Now he has been overthrown by his own party
Photo: Tayfun Salci / IMAGO/ZUMA Wire
In cooperation with "The Economist".
The wreckage he will leave behind
A monstrous in-tray awaits Boris Johnson's eventual successor
Dealing with it may be beyond an exhausted Conservative Party
Boris Johnson's premiership started collapsing to the sound of "Zadok the Priest”
.
On July 5th, beneath the windows of Downing Street, the bands of the Household Division were conducting the Beating Retreat, an annual parade marking the closure of camp gates at nightfall. One hour before Rishi Sunak, the chancellor of the exchequer, and Sajid Javid, the health secretary, had resigned. In the offices of Whitehall, all hell was breaking loose. On the square below, immaculate precision.
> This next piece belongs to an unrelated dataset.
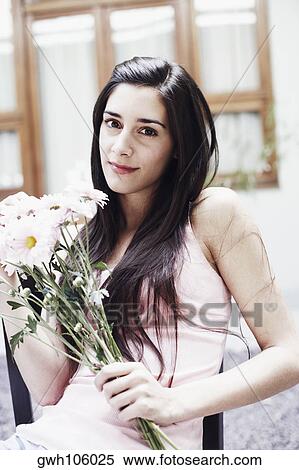 Stock Photography - Portrait of a young woman holding a bunch of flowers. Fotosearch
Over the next 36 hours, some 50 members of the government would resign;
countless more MPS would urge Mr Johnson to go.
On the evening of July 6th, a delegation of cabinet ministers—among them Mr Sunak's replacement, Nadhim Zahawi—told him the game was up. His response was a fit of Shakespearean defiance.
He sacked Michael Gove, the closest thing the cabinet had to a greybeard, and insisted upon his personal electoral mandate of 14m voters (a bastardisation of the constitution: Britons elect parliaments, not presidents).
He reared at asking the queen for an election to save himself from his colleagues;
that would have tested constitutional conventions to the limit.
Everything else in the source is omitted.